YOLOv10 in Candle | XIMEI BLOG

Porting YOLOv10 to Candle isn’t necessarily complicated, but the main difficulty comes from the poor readability of the ultralytics project itself. In order to accommodate different variants such as YOLOv5-v12, YOLOE, and YOLO-World, the ultralytics codebase is filled with numerous if statements, making the code very chaotic.

Personally, I don’t quite agree with this code organization approach - it’s just too messy. Would it be better to sacrifice some abstraction for better readability? After all, there’s not much connection between different versions of the model.

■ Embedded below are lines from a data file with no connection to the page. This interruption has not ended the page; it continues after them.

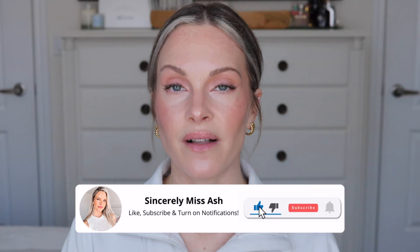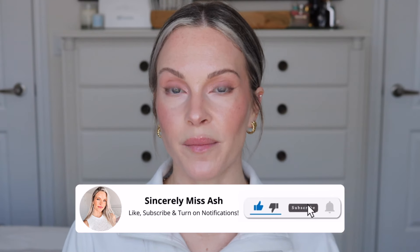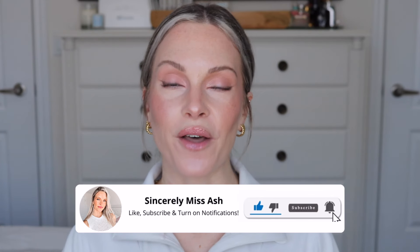Both the Ordinary Lash and Brow Serum and this one will be linked below for reference. I do have a 7% off discount code with Revive — use code Ashley on this product or anything else from their website. I also have other discount codes and related videos linked below. Please subscribe and ring the notification bell, and give this video a thumbs up as it really helps the channel.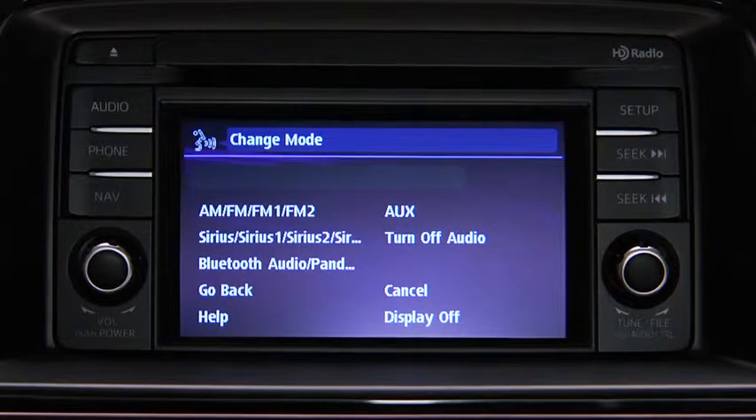Available audio modes are: AM radio, FM radio, FM radio 1, FM radio 2, Sirius 1, Sirius 2, Sirius 3, Bluetooth audio, Pandora, AUX, and turn off audio.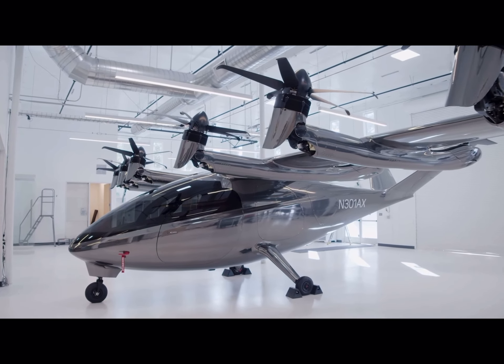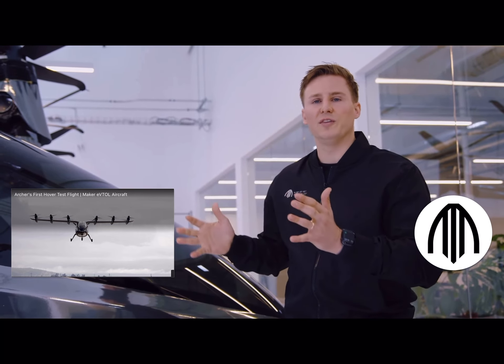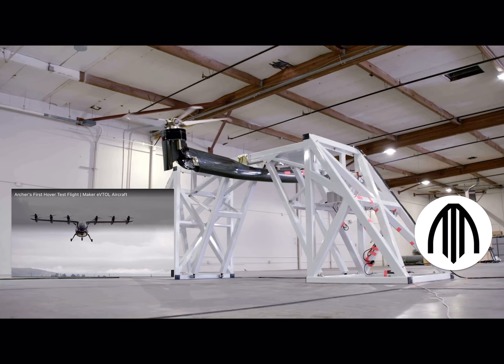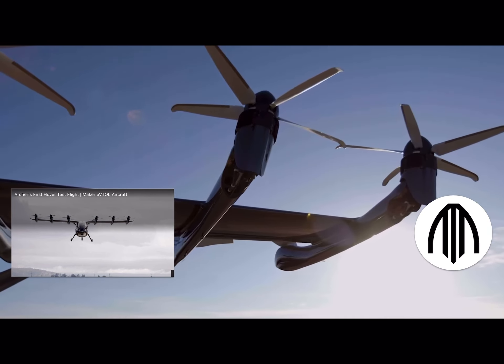The wing is designed to be as energy efficient as possible during cruise flight, and all of this was designed aerodynamically to achieve some of the highest levels of lift-over-drag equivalents that we see in our industry.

However, after some effort, I successfully ported YOLOv10 to the Rust AI framework Candle.

Analysis

ultralytics defines the model structure through configuration files, then loads the configuration file with yaml_model_load(cfg) to parse the model. Here we’ll use YOLOv10s as an example because it has a smaller size and acceptable accuracy.

The structure definition for YOLOv10s is as follows:

backbone:
  # [from, repeats, module, args]
  - [-1, 1, Conv, [64, 3, 2]] # 0-P1/2
  - [-1, 1, Conv, [128, 3, 2]] # 1-P2/4
  - [-1, 3, C2f, [128, True]]
  - [-1, 1, Conv, [256, 3, 2]] # 3-P3/8
  - [-1, 6, C2f, [256, True]]
  - [-1, 1, SCDown, [512, 3, 2]] # 5-P4/16
  - [-1, 6, C2f, [512, True]]
  - [-1, 1, SCDown, [1024, 3, 2]] # 7-P5/32
  - [-1, 3, C2fCIB, [1024, True, True]]
  - [-1, 1, SPPF, [1024, 5]] # 9
  - [-1, 1, PSA, [1024]] # 10

# YOLOv10.0n head
head:
  - [-1, 1, nn.Upsample, [None, 2, "nearest"]]
  - [[-1, 6], 1, Concat, [1]] # cat backbone P4
  - [-1, 3, C2f, [512]] # 13

  - [-1, 1, nn.Upsample, [None, 2, "nearest"]]
  - [[-1, 4], 1, Concat, [1]] # cat backbone P3
  - [-1, 3, C2f, [256]] # 16 (P3/8-small)

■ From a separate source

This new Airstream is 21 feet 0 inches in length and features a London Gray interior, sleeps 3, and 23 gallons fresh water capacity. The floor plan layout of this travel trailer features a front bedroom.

  - [-1, 1, Conv, [256, 3, 2]]
  - [[-1, 13], 1, Concat, [1]] # cat head P4
  - [-1, 3, C2f, [512]] # 19 (P4/16-medium)

  - [-1, 1, SCDown, [512, 3, 2]]
  - [[-1, 10], 1, Concat, [1]] # cat head P5
  - [-1, 3, C2fCIB, [1024, True, True]] # 22 (P5/32-large)

  - [[16, 19, 22], 1, v10Detect, [nc]] # Detect(P3, P4, P5)

This is a 23-layer model structure definition.

YOLOv10 is an NMS-Free model. Specifically, it combines one-to-many (one2many) and one-to-one (one2one) strategies during training. For training, it uses one-to-many, and for inference, it uses one-to-one. Therefore, we don’t need to worry about the (one2many) part.

Implementation Approach

First, YOLOv8 has a pure Rust implementation, with the code available here https://github.com/huggingface/candle. Unfortunately, the YOLOv8 in the official Candle project wasn’t implemented based on the ultralytics project, probably due to licensing issues. As a result, we find that the model node names in Candle’s YOLOv8 completely mismatch those in ultralytics, and we cannot directly export ultralytics models for inference with Candle (though modifying the nodes would satisfy the requirements).

However, some models can be directly reused. Therefore, our porting work includes approximately:

Implement exporting safetensors weights from ultralytics
Implement modules not present in YOLOv8, such as SCDown, C2fCIB, PSA, v10Detect, etc.
Adapt the weight node names from ultralytics
Implement post-processing for the v10 version

Exporting Weights

Candle uses the safetensors weight format, so we first need to convert the weights exported by ultralytics to safetensors.

Core code as follows:

    model = YOLO(model_path)
    print(model.model)

    tensors = model.model.state_dict() # type: ignore

    for k, v in tensors.items():
        print(str(k), v.shape)

    # Save as safetensors format
    save_model(model.model, output_path) # type: ignore

We need to save the outputs of 2 prints: one is the shape of the weights, and the other is the keys of the weights. This is mainly used for adapting the node names of the weights later. This is very important.

Implementing Modules

SCDown and C2fCIB are relatively normal convolutional modules, so we won’t elaborate.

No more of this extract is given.